» **Requirement**: The line containing "Coral Island Beach" marks where copying starts, so set down that line and each one after it exactly, through the end of the records.

Items listed in a dataset:
^^^^

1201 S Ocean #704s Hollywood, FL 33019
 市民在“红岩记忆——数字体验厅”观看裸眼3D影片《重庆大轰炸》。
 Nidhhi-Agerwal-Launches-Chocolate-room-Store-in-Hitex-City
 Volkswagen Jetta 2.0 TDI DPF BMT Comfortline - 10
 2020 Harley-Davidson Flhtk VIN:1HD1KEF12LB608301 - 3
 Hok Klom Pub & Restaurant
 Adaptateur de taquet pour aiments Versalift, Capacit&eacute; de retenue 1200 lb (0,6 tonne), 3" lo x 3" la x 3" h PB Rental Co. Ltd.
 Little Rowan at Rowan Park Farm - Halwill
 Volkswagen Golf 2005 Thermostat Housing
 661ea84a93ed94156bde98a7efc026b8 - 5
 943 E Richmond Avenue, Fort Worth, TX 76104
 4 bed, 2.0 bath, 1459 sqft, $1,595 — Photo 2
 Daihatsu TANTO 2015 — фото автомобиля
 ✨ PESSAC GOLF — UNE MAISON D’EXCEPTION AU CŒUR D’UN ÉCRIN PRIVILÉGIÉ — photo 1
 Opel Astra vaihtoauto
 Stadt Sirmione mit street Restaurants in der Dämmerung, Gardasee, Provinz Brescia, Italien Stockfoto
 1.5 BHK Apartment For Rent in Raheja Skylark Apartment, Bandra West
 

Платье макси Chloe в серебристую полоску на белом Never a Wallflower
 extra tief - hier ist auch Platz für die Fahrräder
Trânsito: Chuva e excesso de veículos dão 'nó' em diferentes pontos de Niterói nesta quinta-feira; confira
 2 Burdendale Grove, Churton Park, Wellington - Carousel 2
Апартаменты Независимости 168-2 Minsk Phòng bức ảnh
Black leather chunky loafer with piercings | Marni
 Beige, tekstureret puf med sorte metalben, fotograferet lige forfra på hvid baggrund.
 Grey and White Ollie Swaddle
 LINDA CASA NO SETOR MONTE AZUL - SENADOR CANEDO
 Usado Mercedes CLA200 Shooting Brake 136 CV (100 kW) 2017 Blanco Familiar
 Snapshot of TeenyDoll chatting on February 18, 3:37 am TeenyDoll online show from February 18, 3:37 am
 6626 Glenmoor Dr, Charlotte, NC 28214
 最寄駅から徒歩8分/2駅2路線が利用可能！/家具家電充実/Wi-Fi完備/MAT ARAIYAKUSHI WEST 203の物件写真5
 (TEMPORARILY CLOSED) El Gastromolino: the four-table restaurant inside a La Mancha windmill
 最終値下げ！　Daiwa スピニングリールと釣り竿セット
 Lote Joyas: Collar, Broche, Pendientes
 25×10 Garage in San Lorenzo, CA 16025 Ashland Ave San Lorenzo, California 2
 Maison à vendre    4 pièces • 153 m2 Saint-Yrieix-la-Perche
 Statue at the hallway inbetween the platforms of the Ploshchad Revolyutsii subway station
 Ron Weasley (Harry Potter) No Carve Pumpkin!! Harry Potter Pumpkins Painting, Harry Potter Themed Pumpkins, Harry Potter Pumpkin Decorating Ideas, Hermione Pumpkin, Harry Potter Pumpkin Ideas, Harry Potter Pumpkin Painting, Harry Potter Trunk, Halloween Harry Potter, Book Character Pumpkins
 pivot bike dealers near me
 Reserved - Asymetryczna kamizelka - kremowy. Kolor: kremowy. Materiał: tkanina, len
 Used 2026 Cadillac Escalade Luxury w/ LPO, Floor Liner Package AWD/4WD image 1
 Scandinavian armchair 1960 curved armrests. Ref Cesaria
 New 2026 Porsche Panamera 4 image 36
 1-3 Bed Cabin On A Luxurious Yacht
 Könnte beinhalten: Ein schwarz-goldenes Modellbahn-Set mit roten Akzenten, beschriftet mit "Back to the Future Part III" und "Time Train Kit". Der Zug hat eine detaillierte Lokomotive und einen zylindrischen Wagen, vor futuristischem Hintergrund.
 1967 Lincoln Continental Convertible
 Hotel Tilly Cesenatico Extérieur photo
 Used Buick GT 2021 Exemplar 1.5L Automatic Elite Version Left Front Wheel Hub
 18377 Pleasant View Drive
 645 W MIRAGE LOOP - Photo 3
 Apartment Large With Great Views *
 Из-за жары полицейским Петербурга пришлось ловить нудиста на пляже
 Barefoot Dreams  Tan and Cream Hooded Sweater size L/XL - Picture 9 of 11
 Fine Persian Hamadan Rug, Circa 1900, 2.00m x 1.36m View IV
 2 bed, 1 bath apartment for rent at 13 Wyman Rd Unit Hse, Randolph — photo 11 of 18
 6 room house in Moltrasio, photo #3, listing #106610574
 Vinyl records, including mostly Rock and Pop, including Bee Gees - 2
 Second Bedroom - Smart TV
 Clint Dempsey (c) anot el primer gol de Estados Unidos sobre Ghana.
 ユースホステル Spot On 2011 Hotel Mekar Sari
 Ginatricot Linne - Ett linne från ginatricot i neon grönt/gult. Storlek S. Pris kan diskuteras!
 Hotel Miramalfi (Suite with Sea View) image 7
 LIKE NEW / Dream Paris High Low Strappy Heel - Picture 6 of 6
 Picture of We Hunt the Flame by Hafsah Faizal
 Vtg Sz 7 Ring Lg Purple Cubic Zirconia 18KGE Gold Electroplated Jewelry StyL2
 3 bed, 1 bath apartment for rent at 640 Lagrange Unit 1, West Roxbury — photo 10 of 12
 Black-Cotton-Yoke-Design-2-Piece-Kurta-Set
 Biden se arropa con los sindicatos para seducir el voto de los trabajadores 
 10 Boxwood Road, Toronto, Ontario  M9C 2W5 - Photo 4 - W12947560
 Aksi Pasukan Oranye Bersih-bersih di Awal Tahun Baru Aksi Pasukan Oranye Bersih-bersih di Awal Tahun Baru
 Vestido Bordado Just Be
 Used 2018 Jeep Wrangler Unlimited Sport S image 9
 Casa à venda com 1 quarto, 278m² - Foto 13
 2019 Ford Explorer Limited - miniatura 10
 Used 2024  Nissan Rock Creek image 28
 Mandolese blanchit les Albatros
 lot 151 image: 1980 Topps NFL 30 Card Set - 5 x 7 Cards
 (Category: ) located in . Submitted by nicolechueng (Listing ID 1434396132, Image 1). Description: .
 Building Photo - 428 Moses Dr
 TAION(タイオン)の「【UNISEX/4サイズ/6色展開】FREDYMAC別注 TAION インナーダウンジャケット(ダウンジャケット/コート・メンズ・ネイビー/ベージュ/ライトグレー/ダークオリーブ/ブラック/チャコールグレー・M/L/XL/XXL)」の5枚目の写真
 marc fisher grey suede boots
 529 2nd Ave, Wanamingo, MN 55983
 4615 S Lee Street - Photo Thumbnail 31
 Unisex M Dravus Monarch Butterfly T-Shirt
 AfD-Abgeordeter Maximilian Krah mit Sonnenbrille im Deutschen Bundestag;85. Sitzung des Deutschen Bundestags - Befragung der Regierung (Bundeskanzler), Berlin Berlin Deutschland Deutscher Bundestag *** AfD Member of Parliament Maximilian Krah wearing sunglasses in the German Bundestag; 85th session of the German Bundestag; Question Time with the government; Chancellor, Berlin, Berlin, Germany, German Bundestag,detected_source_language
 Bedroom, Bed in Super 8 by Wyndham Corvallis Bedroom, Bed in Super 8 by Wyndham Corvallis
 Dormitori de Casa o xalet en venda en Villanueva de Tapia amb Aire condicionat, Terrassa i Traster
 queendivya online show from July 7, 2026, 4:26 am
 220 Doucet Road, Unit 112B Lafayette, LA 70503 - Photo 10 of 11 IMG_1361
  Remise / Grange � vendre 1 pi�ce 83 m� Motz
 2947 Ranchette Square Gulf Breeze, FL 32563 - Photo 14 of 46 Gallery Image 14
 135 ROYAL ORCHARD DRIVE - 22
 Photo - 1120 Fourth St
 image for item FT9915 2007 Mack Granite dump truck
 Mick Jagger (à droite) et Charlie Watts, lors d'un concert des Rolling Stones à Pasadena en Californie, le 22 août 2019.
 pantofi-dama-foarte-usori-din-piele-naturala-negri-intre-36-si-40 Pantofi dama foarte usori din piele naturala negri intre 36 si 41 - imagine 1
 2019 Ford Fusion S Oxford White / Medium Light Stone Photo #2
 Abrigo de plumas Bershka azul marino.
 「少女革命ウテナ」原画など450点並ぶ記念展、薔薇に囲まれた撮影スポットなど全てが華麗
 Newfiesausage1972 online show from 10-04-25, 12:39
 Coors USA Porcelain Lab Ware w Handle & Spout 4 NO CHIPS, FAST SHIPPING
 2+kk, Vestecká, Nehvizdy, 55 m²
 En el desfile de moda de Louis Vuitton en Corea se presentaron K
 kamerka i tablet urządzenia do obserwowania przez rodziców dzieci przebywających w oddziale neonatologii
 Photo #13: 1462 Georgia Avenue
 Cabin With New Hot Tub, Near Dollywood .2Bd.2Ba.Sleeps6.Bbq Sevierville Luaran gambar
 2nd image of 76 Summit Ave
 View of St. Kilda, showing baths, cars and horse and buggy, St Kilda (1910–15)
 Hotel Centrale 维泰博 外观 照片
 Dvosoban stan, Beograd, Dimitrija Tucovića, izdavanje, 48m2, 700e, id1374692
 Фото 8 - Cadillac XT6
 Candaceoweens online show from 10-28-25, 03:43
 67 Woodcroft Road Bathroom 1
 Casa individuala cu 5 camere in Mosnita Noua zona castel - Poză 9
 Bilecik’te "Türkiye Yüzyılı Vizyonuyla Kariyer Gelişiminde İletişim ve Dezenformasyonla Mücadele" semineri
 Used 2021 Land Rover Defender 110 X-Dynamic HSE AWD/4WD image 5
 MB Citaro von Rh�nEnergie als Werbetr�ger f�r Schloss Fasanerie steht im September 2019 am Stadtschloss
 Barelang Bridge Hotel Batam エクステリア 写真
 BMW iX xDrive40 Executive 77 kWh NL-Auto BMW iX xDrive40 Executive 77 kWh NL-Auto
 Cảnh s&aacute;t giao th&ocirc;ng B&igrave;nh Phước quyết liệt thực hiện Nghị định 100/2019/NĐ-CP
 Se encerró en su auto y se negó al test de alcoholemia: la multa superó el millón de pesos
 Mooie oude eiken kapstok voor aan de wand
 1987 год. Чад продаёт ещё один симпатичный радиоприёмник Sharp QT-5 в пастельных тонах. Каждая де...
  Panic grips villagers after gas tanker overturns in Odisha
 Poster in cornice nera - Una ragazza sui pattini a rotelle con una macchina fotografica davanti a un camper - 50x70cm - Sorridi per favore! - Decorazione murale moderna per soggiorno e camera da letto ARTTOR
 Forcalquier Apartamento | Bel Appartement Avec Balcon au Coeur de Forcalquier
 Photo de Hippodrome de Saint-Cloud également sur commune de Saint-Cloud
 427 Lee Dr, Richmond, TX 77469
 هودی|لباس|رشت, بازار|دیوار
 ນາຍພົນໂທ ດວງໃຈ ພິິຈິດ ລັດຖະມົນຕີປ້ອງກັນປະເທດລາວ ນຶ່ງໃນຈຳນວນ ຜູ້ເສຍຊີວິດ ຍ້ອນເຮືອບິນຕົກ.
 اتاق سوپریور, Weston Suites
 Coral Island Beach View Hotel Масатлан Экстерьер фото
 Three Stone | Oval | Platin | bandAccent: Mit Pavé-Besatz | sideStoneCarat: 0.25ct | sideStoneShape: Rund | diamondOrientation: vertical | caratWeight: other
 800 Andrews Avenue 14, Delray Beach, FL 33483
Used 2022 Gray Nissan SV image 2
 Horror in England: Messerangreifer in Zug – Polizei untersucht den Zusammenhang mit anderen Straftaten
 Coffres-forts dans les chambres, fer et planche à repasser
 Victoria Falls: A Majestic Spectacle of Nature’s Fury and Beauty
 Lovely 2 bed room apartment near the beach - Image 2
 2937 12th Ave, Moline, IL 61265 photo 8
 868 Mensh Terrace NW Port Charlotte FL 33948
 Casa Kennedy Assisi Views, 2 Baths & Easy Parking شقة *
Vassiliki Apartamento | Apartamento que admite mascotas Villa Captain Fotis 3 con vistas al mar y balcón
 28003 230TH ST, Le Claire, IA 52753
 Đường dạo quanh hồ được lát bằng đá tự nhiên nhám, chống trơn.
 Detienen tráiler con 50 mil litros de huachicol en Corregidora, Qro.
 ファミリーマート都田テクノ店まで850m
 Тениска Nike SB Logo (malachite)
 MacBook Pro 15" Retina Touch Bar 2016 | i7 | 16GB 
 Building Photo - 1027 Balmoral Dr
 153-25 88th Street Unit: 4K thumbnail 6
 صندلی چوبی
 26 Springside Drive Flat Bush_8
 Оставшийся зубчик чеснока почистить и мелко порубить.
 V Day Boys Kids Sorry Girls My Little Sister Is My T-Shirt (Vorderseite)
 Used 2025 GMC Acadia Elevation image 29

^^^^

» **Solution**:
 Coral Island Beach View Hotel Масатлан Экстерьер фото
 Three Stone | Oval | Platin | bandAccent: Mit Pavé-Besatz | sideStoneCarat: 0.25ct | sideStoneShape: Rund | diamondOrientation: vertical | caratWeight: other
 800 Andrews Avenue 14, Delray Beach, FL 33483
Used 2022 Gray Nissan SV image 2
 Horror in England: Messerangreifer in Zug – Polizei untersucht den Zusammenhang mit anderen Straftaten
 Coffres-forts dans les chambres, fer et planche à repasser
 Victoria Falls: A Majestic Spectacle of Nature’s Fury and Beauty
 Lovely 2 bed room apartment near the beach - Image 2
 2937 12th Ave, Moline, IL 61265 photo 8
 868 Mensh Terrace NW Port Charlotte FL 33948
 Casa Kennedy Assisi Views, 2 Baths & Easy Parking شقة *
Vassiliki Apartamento | Apartamento que admite mascotas Villa Captain Fotis 3 con vistas al mar y balcón
 28003 230TH ST, Le Claire, IA 52753
 Đường dạo quanh hồ được lát bằng đá tự nhiên nhám, chống trơn.
 Detienen tráiler con 50 mil litros de huachicol en Corregidora, Qro.
 ファミリーマート都田テクノ店まで850m
 Тениска Nike SB Logo (malachite)
 MacBook Pro 15" Retina Touch Bar 2016 | i7 | 16GB 
 Building Photo - 1027 Balmoral Dr
 153-25 88th Street Unit: 4K thumbnail 6
 صندلی چوبی
 26 Springside Drive Flat Bush_8
 Оставшийся зубчик чеснока почистить и мелко порубить.
 V Day Boys Kids Sorry Girls My Little Sister Is My T-Shirt (Vorderseite)
 Used 2025 GMC Acadia Elevation image 29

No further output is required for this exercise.